*Task to carry out*: With the pictures removed, please write out every line below exactly as given.

*Data shown*:
-- -- --
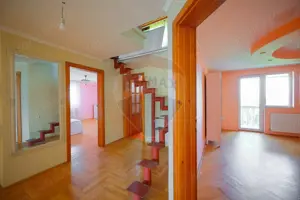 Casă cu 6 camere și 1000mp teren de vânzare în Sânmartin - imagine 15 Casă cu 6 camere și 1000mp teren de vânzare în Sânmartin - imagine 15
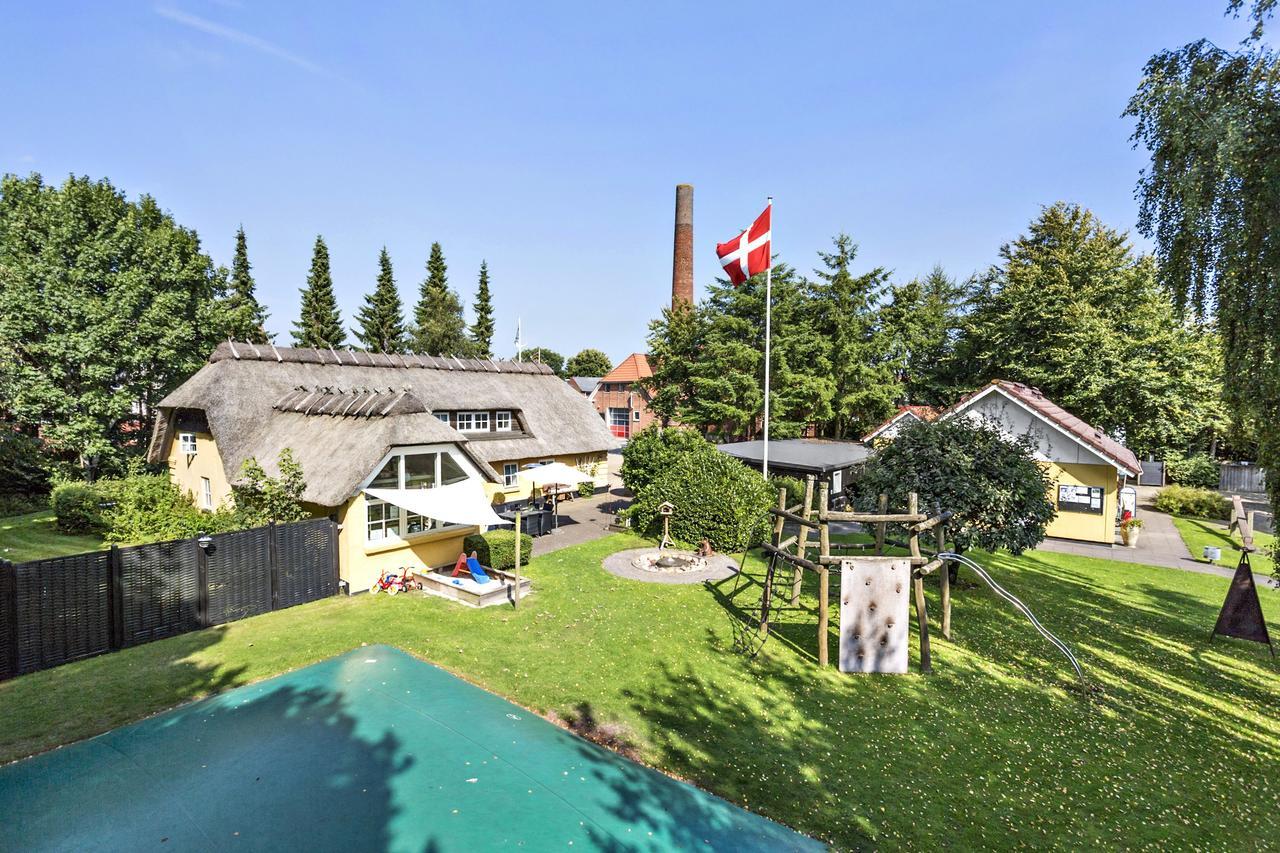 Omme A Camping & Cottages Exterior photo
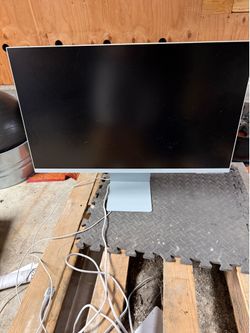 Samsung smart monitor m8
-- -- --
*Reply to the exercise*:
 Casă cu 6 camere și 1000mp teren de vânzare în Sânmartin - imagine 15 Casă cu 6 camere și 1000mp teren de vânzare în Sânmartin - imagine 15
 Omme A Camping & Cottages Exterior photo
 Samsung smart monitor m8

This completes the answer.